═══ GIVEN MATERIAL
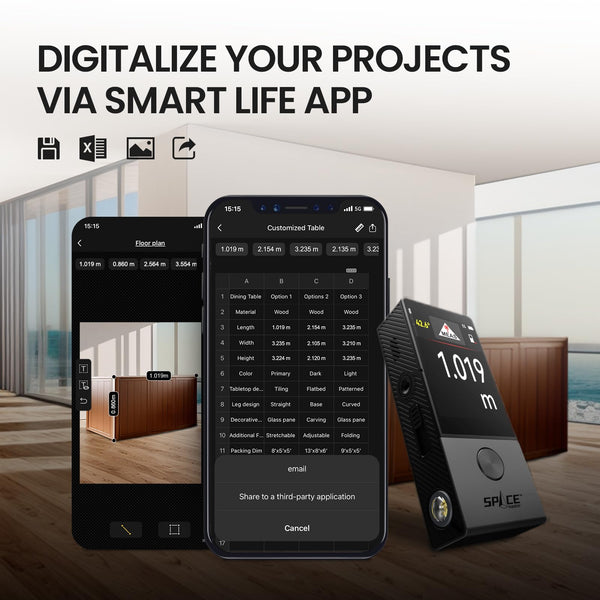 MiLESEEY D9 Pro Laser Distance Meter with Visual Aligning Indicator, 100m Laser Measure Device With IPS Touchscreen Interface, P2P, Live Angle Display, APP Sync, 14 Measuring Modes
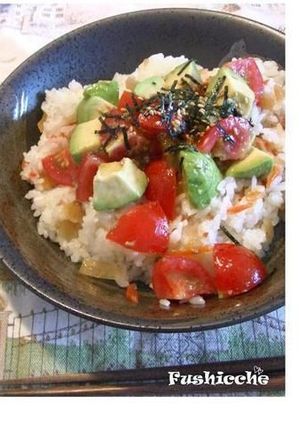 A picture of Avocado and Tomato Chirashi Sushi.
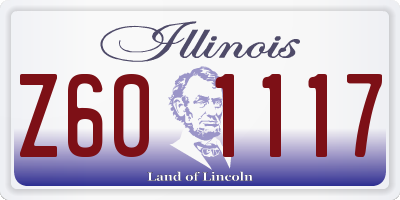 IL license plate Z601117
══════
▸ WORK TASK:
Go through the listing above and write it all out exactly, leaving out any picture.

▸ WRITTEN ANSWER:
 MiLESEEY D9 Pro Laser Distance Meter with Visual Aligning Indicator, 100m Laser Measure Device With IPS Touchscreen Interface, P2P, Live Angle Display, APP Sync, 14 Measuring Modes
 A picture of Avocado and Tomato Chirashi Sushi.
 IL license plate Z601117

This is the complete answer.